» Activity:
Because the pictures are not wanted, reproduce the rest of the records below exactly as they stand.

Collected data
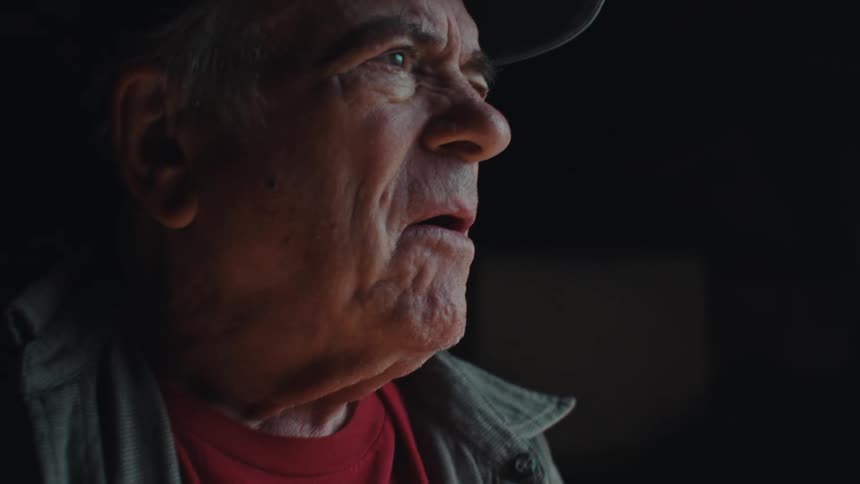 Elderly man smiles while sawing a narrow piece of wood in a shed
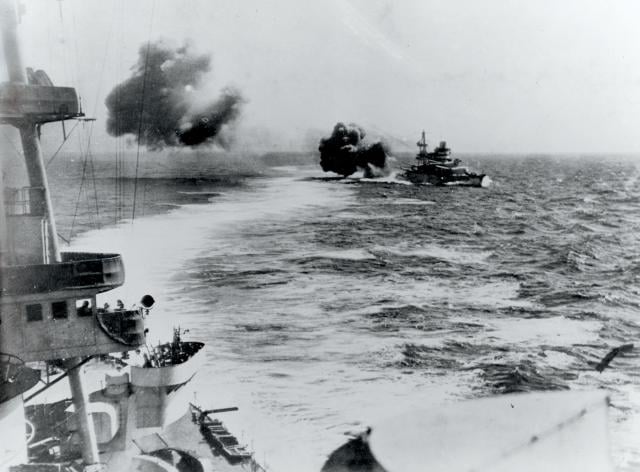 The July 1940 Battle of Calabria falls into the “decisive battle” category of World War II naval warfare. Above: The Italian battleship Conte de Cavour opens fire with her 320-mm main battery.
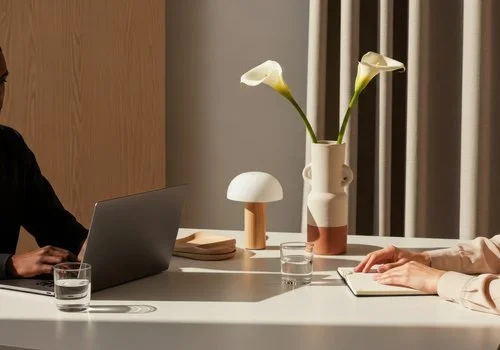 Two people working at a table with a laptop, glasses of water, and decorative vases with calla lilies.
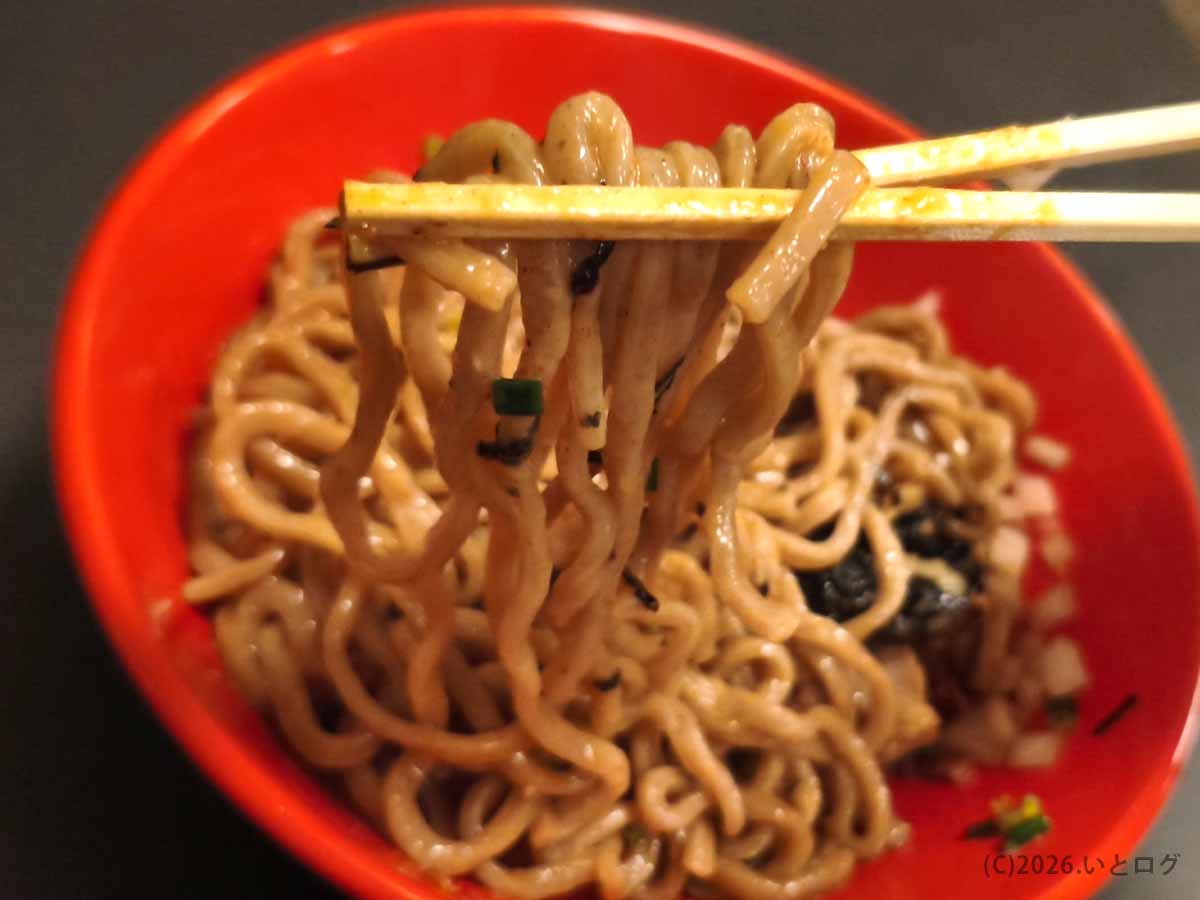 甲府市あぶらギルドの油そばを箸で持ち上げた写真。濃い色のタレが絡んだ太麺にはツヤがあり、刻み海苔やネギも混ざっている。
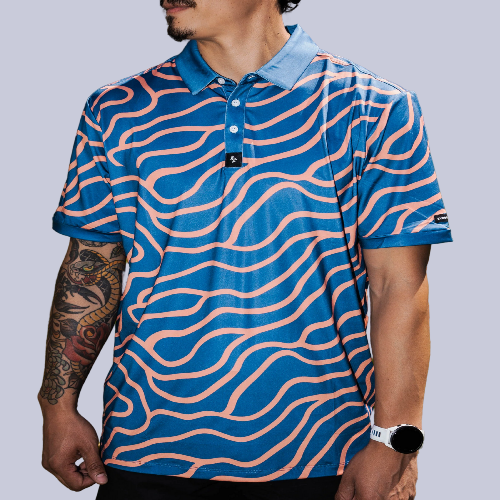 Men’s navy polo with peach wave-pattern print – dynamic, breathable, stretch-performance ready.
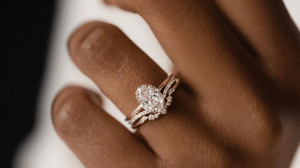 Classic, elegant engagement ring with a gold band and oval center diamond.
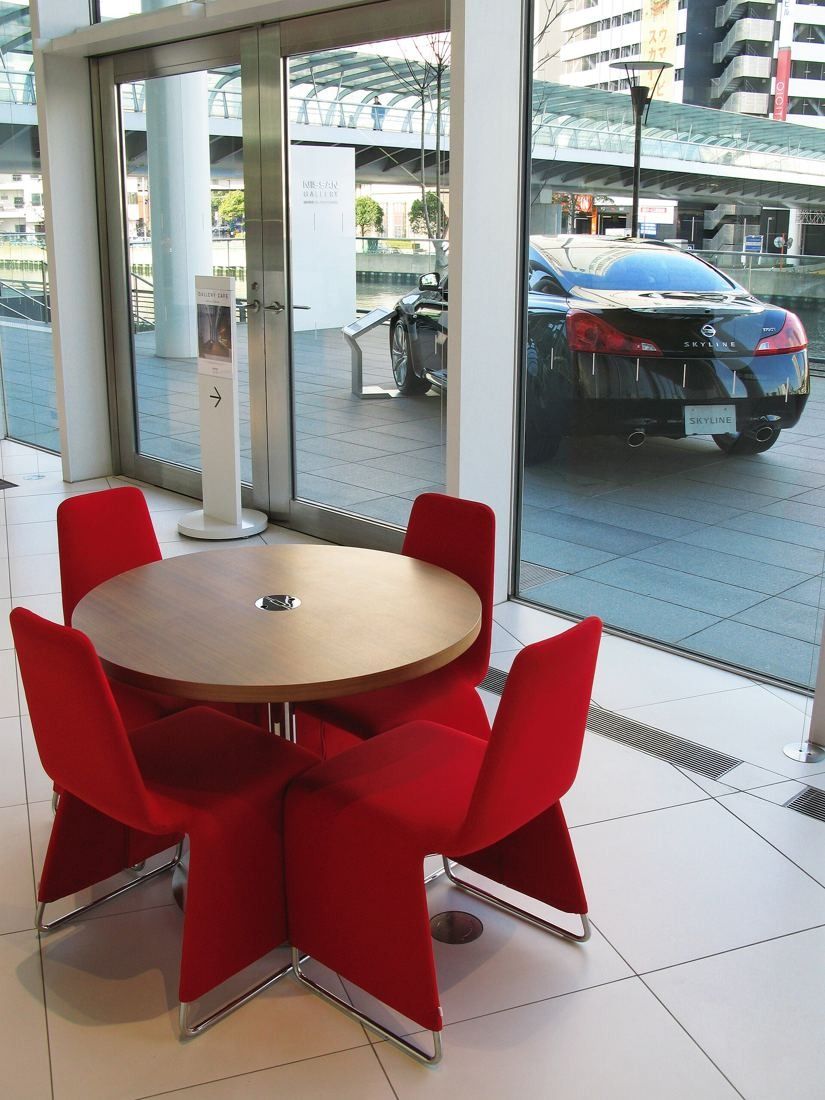 Nissan: Round table with red chairs beside a glass wall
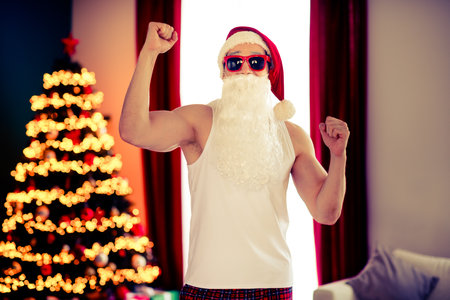 Festive Santa in casual attire posing confidently by the Christmas tree inside a warmly lit holiday-decorated living room.の写真素材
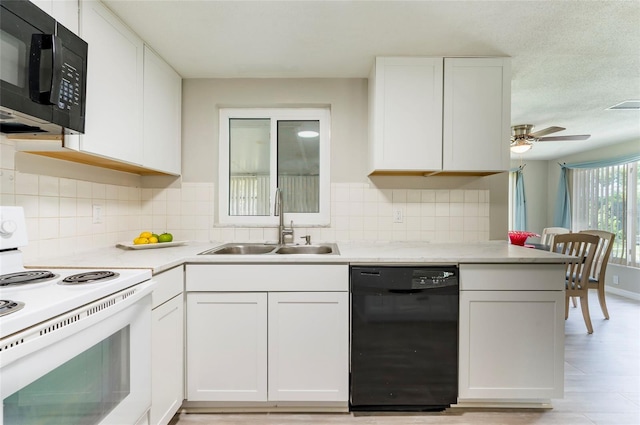 10600 Oleander Dr, Port Richey, FL 34668 - kitchen with black appliances, white cabinetry, light countertops, and backsplash
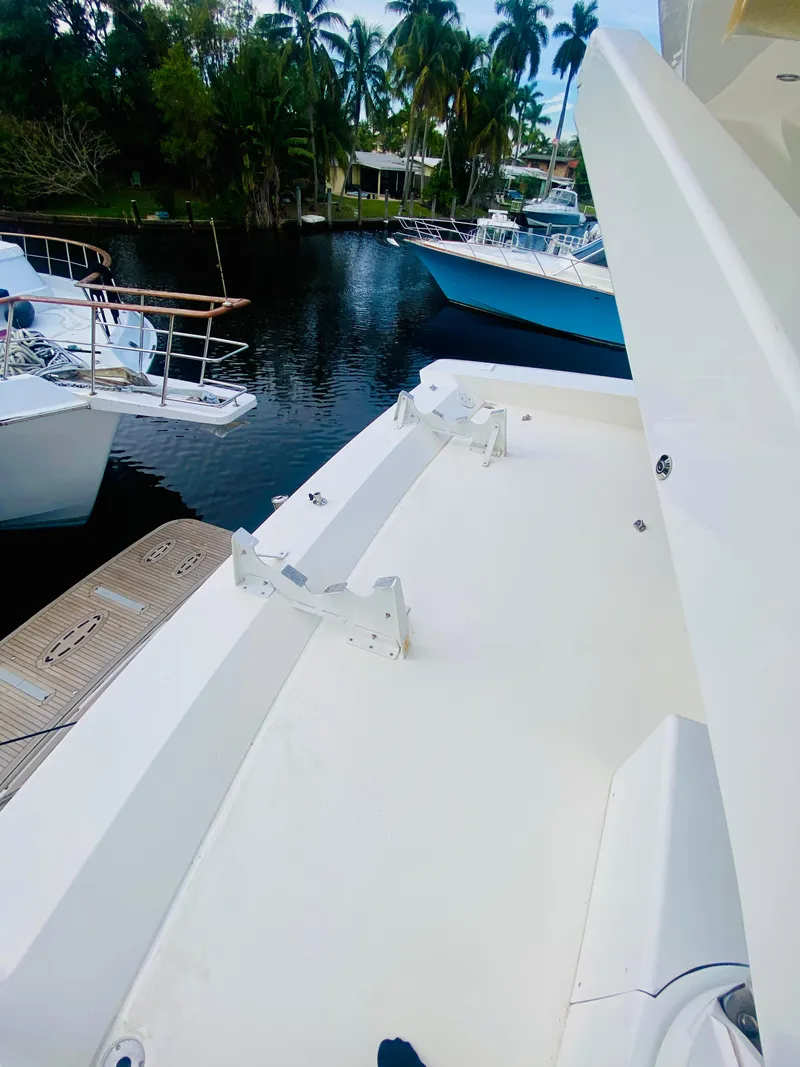 Slide: The Image of 2006 Viking Sport Cruisers 70 Motor Yacht docked near other boats. - 24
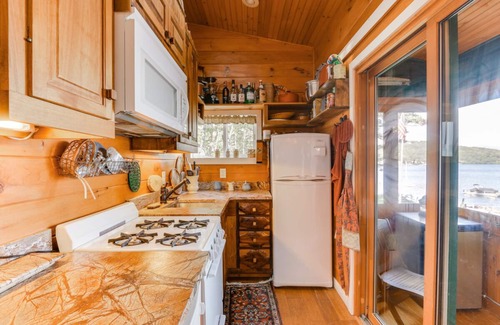Laconia Cottage | Charming waterfront cottage at Weirs Beach with shared dock and WifI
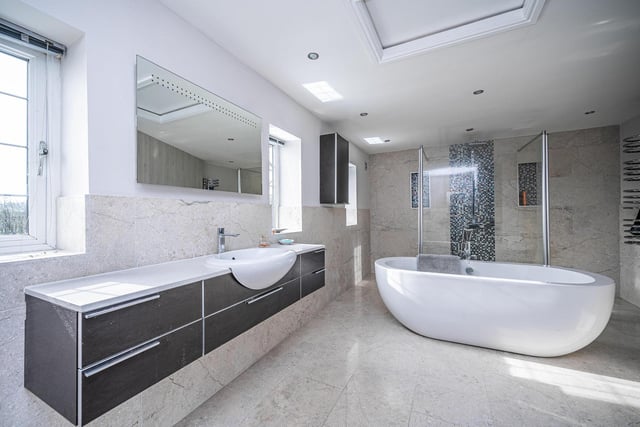 A luxury, contemporary bathroom within the property.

» Answer box:
 Elderly man smiles while sawing a narrow piece of wood in a shed
 The July 1940 Battle of Calabria falls into the “decisive battle” category of World War II naval warfare. Above: The Italian battleship Conte de Cavour opens fire with her 320-mm main battery.
 Two people working at a table with a laptop, glasses of water, and decorative vases with calla lilies.
 甲府市あぶらギルドの油そばを箸で持ち上げた写真。濃い色のタレが絡んだ太麺にはツヤがあり、刻み海苔やネギも混ざっている。
 Men’s navy polo with peach wave-pattern print – dynamic, breathable, stretch-performance ready.
 Classic, elegant engagement ring with a gold band and oval center diamond.
 Nissan: Round table with red chairs beside a glass wall
 Festive Santa in casual attire posing confidently by the Christmas tree inside a warmly lit holiday-decorated living room.の写真素材
 10600 Oleander Dr, Port Richey, FL 34668 - kitchen with black appliances, white cabinetry, light countertops, and backsplash
 Slide: The Image of 2006 Viking Sport Cruisers 70 Motor Yacht docked near other boats. - 24
Laconia Cottage | Charming waterfront cottage at Weirs Beach with shared dock and WifI
 A luxury, contemporary bathroom within the property.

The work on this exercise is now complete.